The changes to the rules on incompatibilities were voted through by the PS, PSD, PCP and PEV, with the CDS-PP voting against and PAN and Bexiga of the PS abstaining.

The legislation to regulate lobbying saw a different combination of votes again, with the PSD abstaining as the PS and CDS-PP – which had tabled the proposals – voting in favour, and the PCP, BE, PEV and PAN voting against.

The three laws emerged from almost three years’ work in the temporary committee to improve transparency in public and political life that was set up in 2016.

At the end of the debate, only the PS and CDS-PP made oral statements.

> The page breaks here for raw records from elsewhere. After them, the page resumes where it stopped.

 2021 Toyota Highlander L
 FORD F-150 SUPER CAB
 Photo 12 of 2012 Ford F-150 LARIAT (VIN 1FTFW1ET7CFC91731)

Pedro Delgado Alves of the PS praised the work of the committee, saying that the transparency package represented a "deep and comprehensive amendment" of the legislation; while it may not "have achieved everything … the varied voting reveal that a democracy functioning is just this."

Vânia Dias da Silva of the CDS-PP was more critical, saying that deputies had "created a regime with [only] the appearance of transparency", arguing that it represented a move to excessive professionalisation of politics with “bans” on politicians working in many outside fields.